『職業としての地下アイドル』 姫野たま
地下アイドル歴10年のキャリアをもち、2019年に卒業した姫野たまによる地下アイドル論。地下アイドルとは、テレビ出演ではなく、小規模なライブ・ハウスでの公演を主な活躍の場としているアイドルをいう。
著者は、地下アイドルになった女の子たちのきっかけやモーチベーションといった、誰もが知りたい質問を独自のアンケート調査によって明らかにしている。地下アイドル本人だけでなく、地下アイドルを応援するファンの実態や地下アイドルとファンの関係性にまで考察が及んでいる。地下アイドルは、ファンの存在があってこそ初めて存在しうる。ファンのいないアイドルなどこの世に存在しえない。
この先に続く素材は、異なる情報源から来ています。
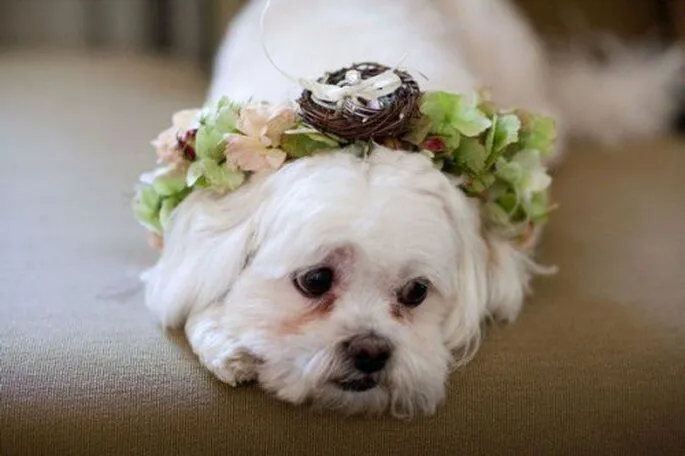 Collar de flores para el paje de honor: Tu perro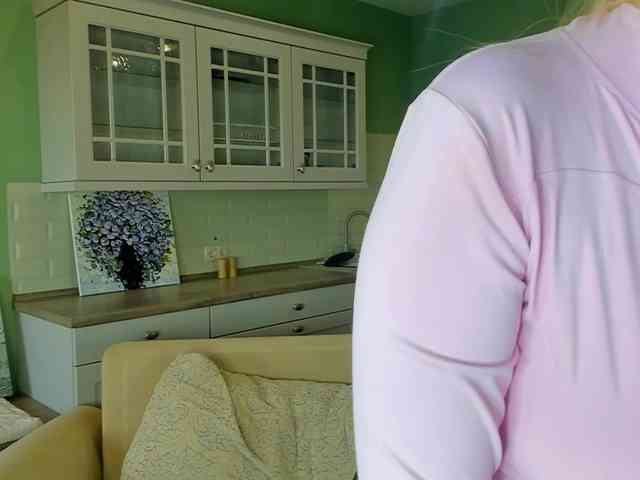 Erlenbayer webcam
したがって、地下アイドルを語るためには、ファンについても言及しないと片手落ちとなってしまう。
本書は、一見、社会的にマイナーな地下アイドルをテーマとしながら、現代若者論としても、現代文化論としても通用している。なぜなら、地下アイドルは一部の特殊な女の子ではなく、どこにでもいるごく普通の女の子たちであり、地下アイドルを応援する者たちもごく普通の一般人であるからだ。
「エピローグのようなもの」では、著者の地下アイドルとしての個人史が赤裸々に書かれている。友人からの誘いでひょんなことから地下アイドルになったものの、ファンやスタッフの期待に応えようとするあまり、うつ病を発症してしまう。いったん、引退するものの、周囲に流されず自分らしく生きることを決意し、また地下アイドルの世界に舞い戻る。今度こそ自分を見失うことなく、居心地によい確固たる居場所を見つける。地下アイドルになることは、自分探しの物語でもあったことがわかる。